As thousands upon thousands converged in the centre of Melbourne to either participate in the Anzac Day march or to line Swanston Street and St Kilda Rd in support, a contemplative service for peace took place in St Paul’s Anglican Cathedral.
Truly we shall remember them is an ecumenical initiative seeking to change the narrative that erupts around Anzac Day as the birth of the Australian nation. The annual service started in 2014.
Monday’s service of lament, repentance and Easter Hope began in silence, even as the sound of bagpipes and drums permeated the stone walls of the cathedral.

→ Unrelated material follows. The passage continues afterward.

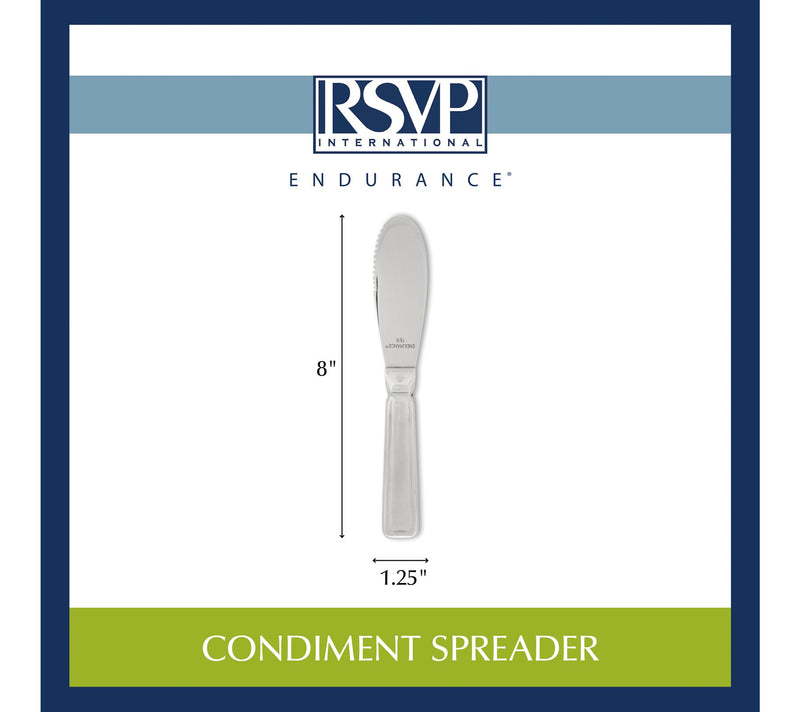 RSVP Condiment Spreader — View 5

Poetry by one of the great anti-war poets, Siegfried Sassoon was read. Others shared stories of loss and grief and pain – a personal account from The Somme in 1916 where 1.12 million British, French and German soldiers lost their lives; the courage of the conscientious objector; the war carried out on our own soil as Aboriginal people were massacred and later stolen as part of the story of white settlement.
The Uniting Church’s Rev Dr Wes Campbell, a member of the Truly we shall remember them Steering Committee, began his sermon: “We gather to remember the war dead, for those who forget the dead will soon forget the living. Lest we forget. We learn this on the Cross.”
Twice he exhorted the gathered congregation that “we need to be angry at the waste [of war]”.
“As we do violence,” Dr Campbell continued, “we become opponents of the Gospel. If we forget our story we no longer know who we are.”
Following a prayer of confession, worshippers were invited to come forward and light a candle for peace and remembrance of those who died or are suffering from war.
Truly we shall remember them seeks to remind people of another kind of Australia, “historically discernible, both bloody and beautiful, which provokes our imagination and reason to envisage a different narrative and a different future in which peace and reconciliation are to the fore.”